> **WORK TASK**
Once you find the line below that has "Nike Women's Olympic Team USA", output it and every line after it exactly, stopping after the line that has "Tech Fleece Zip", with no pictures.

> **SUPPLIED RECORDS**
***

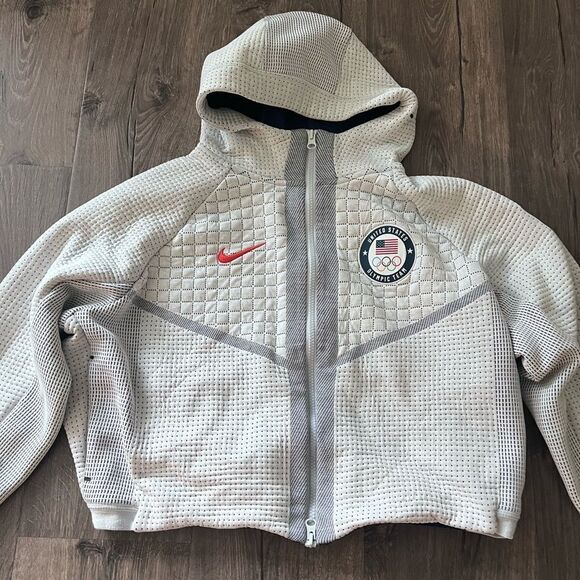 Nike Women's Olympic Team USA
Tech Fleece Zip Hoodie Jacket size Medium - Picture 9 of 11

***

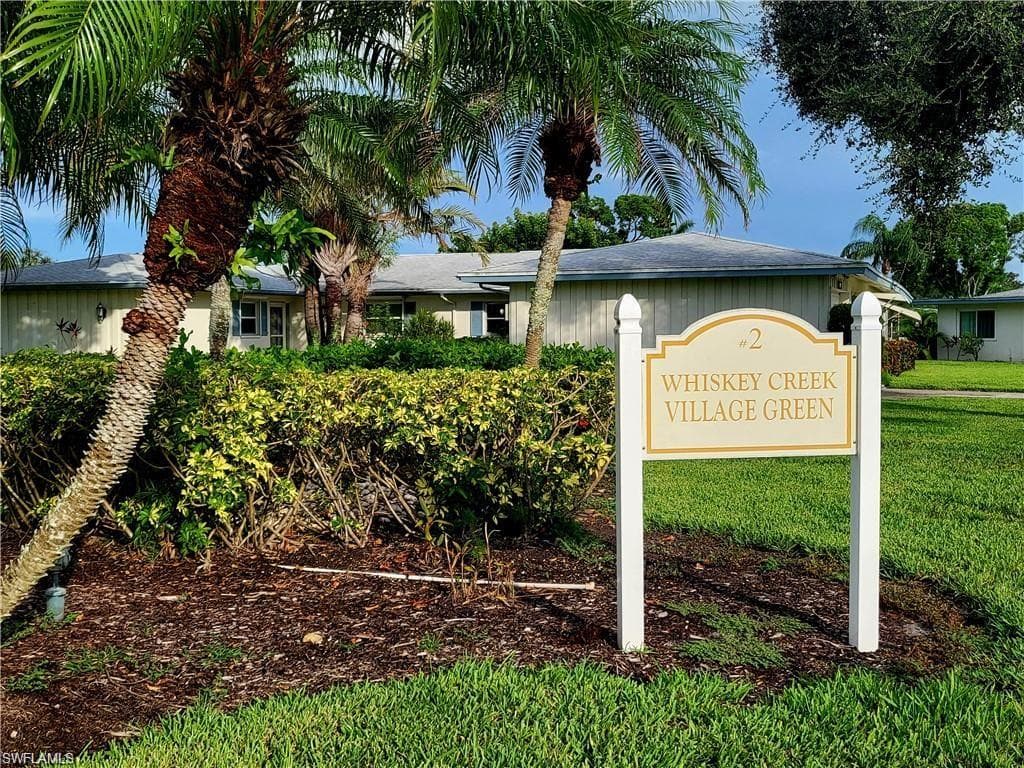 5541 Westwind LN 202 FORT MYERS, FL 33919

***

> **ANSWER BOX**
 Nike Women's Olympic Team USA
Tech Fleece Zip Hoodie Jacket size Medium - Picture 9 of 11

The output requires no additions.